Coquette (1929)
3/10
Like a fly in amber, one may study why a bad film is so bad.
17 February 2007
Warning: Spoilers
Many, many years ago, in a universe far, far away, film criticism was bound on one side by studio style, and on the other by cycle, or what we would call today, 'genre'. History was rendered chronologically, year by year. Early talkies like COQUETTE (1929) were dismissed as stagy because of the primitive sound equipment available during the transition to sound. The dynamic photography and fluid narrative of late silent cinema was sacrificed. SINGING IN THE RAIN satirizes this period which was also known for the fall of gigantic movie stars who couldn't, for one reason or another, make the transition to sound. Some later research mentioned that a lot of writers headed to Hollywood, initially playwrights and later journalists. But first came the plays, avidly bought up by the moguls as sure fire hits because now people living in any town large enough to have a movie theater (virtually everywhere) could see a Broadway play with real stars. This was a founding cornerstone of the film business- Adolf Zukor's company had been called Famous Players Film Company whose slogan was "Famous Players in Famous Plays". The idea of sound naturally lent itself to the hit plays of the era.

Today, with film archives, cable TV, video tapes and DVD's not to mention restoration projects, what was one taken on faith can now be examined by scholars and all.

What has never been mentioned in connection to the poor quality and subsequent unpopularity of these films was the mediocre to awful Broadway plays of the era. Even before Broadway became the realm of vulgar and witless tourists, New Yorkers supported real junk. Viz: COQUETTE. As presented on the American stage starring the First Lady of the American Stage, Mrs. Helen Mellon herself, COQUETTE has one idea which is played out with a singular relentlessness to the exclusion of any sub plot, social consciousness, moral or ethical controversy, nuance, humor or reflection. Its a heliocentric world and the leading actress is the sun. Everyone else navigating the stage exists to serve the queen bee. Its left to her to strike this pose and that, as the audience would want to respond to each change in the facts of her emotional environment are manipulated.

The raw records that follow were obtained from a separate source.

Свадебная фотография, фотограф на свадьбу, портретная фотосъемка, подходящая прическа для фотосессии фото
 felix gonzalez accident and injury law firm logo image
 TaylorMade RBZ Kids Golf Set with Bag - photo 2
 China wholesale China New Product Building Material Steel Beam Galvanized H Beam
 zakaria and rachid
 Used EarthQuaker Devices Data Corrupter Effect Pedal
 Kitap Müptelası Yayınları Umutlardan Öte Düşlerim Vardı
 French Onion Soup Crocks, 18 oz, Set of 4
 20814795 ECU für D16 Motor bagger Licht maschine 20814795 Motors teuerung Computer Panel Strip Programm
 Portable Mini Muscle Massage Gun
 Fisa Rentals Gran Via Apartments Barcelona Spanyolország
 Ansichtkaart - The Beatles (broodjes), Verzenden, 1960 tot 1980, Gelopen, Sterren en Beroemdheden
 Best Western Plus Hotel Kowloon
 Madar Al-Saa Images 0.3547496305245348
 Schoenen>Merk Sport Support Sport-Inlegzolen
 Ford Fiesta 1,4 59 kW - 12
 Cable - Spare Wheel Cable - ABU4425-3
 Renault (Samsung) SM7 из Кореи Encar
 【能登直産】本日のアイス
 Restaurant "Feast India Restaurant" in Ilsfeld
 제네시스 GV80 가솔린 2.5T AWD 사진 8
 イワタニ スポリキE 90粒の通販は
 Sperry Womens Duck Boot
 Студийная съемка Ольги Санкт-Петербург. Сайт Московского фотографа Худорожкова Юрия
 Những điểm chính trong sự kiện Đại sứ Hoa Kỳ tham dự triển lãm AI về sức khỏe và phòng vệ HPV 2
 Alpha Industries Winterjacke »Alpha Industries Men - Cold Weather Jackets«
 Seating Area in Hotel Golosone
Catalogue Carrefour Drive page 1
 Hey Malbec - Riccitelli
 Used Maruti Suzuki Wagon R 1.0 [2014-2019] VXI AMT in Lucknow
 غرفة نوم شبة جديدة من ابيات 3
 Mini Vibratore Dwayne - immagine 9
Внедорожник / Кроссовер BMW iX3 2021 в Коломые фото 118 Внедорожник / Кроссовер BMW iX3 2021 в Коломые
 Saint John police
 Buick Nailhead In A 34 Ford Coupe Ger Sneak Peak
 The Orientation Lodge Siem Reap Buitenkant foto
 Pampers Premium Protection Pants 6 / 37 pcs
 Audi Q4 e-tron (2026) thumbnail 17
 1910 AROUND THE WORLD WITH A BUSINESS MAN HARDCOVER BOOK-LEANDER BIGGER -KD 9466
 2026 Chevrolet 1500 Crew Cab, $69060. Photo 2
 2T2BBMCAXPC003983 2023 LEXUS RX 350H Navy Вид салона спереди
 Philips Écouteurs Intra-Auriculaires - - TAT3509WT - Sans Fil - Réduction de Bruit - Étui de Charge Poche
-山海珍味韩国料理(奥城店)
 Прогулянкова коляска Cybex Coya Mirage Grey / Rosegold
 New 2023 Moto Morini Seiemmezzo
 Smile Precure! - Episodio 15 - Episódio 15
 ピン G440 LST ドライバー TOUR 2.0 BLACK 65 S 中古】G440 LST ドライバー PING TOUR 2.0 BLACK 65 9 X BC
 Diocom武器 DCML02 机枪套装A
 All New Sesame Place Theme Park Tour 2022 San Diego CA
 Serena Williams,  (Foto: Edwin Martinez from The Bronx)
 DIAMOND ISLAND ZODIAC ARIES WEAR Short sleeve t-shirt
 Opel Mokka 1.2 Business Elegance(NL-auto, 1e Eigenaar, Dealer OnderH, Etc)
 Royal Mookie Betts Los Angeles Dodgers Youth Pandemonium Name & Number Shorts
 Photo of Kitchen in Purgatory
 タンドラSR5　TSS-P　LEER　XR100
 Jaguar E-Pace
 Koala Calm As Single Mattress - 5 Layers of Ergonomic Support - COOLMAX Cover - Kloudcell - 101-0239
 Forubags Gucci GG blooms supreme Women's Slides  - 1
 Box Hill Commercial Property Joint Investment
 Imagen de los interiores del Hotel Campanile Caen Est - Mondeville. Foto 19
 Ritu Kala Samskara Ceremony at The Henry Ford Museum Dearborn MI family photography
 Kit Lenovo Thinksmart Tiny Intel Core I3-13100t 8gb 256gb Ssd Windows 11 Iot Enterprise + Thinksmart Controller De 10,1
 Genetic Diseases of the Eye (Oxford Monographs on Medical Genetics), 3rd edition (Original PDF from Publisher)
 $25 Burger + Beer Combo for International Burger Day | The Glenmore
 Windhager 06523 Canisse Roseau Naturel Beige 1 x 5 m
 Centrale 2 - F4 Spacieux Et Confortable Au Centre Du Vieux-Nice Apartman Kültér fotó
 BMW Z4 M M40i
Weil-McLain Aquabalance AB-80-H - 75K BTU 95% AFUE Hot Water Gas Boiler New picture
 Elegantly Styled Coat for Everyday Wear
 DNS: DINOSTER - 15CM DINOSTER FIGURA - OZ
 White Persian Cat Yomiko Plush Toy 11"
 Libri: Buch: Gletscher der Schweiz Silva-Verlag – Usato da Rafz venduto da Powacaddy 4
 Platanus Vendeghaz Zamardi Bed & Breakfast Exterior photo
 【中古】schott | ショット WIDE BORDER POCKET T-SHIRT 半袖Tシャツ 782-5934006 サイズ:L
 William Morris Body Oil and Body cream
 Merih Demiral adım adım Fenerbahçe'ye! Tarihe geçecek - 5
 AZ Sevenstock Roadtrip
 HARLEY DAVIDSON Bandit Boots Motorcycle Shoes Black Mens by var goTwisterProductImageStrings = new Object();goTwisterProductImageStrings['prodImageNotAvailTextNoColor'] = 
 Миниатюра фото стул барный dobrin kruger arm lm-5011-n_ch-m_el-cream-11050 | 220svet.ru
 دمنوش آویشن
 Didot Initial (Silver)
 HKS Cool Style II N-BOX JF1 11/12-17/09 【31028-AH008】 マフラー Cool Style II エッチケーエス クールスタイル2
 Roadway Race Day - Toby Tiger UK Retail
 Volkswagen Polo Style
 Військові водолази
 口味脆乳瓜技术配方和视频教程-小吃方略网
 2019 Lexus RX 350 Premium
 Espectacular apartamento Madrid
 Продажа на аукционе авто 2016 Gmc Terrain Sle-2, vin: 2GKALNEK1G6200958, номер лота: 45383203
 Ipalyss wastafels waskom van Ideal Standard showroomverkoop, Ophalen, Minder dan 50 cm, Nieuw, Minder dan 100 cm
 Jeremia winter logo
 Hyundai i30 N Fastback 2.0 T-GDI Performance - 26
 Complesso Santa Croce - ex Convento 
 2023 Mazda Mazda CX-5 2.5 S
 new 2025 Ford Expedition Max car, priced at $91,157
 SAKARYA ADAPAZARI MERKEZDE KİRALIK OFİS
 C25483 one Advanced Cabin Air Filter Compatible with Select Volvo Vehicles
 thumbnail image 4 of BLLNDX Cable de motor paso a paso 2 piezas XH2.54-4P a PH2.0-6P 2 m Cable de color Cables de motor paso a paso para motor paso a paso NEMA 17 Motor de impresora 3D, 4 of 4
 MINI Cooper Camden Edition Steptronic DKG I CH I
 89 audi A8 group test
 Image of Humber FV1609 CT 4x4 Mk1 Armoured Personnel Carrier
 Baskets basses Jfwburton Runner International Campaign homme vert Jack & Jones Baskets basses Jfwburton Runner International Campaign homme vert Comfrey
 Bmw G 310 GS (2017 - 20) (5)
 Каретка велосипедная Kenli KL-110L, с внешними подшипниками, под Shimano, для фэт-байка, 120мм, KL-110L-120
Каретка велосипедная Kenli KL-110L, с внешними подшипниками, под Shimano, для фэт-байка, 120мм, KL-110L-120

Of course this is all play acting. Nothing is meant to resemble actual human behavior. In one short stretch, COQUETTE's father murder's her fiancée who dies pitifully in her arms and her father blows his brains out with a pistol in front of her after eliciting condemning court testimony. She seems none the worse for wear, maybe a touch wistful (its in the stage directions?). A real person my become a mite nervous but I guess in those days when a relative went 'funny' they were just quietly placed somewhere out of sight.

This wasn't real life, this was a night out. Sure there was Ibsen and O'Neil but this wasn't that. The funny thing was that because of the change in economic conditions which happened almost simultaneously with the change over to sound what flew with the uncritical Broadway audience in the 20s became so inconsequential that it was no longer an evening out. It was so besides the point.

In COQUETTE, sub-titled " A Play of the American South", we deal with stock characters in stock situations. Father is a gent of the old school who throws a most unsuitable suitor for his daughter's hand out of his house and bids him to never darken his daughter again. The suitor, played by Alabama All-American football player Johnny Mack Brown we have to take on faith is disadvantaged in class, to wit: he doesn't own a suitable suit of evening clothes for the seasonal country club balls. Imagine if he'd been black?

He pledges to overcome his disadvantages by taking an unspecified job 'in the mountains' where he'd make enough money to get married to her and buy a house. If you gotta ask how come these more liberally munificent jobs seems to exist outside the town, 'in the mountains', this play ain't fer the likes of you all.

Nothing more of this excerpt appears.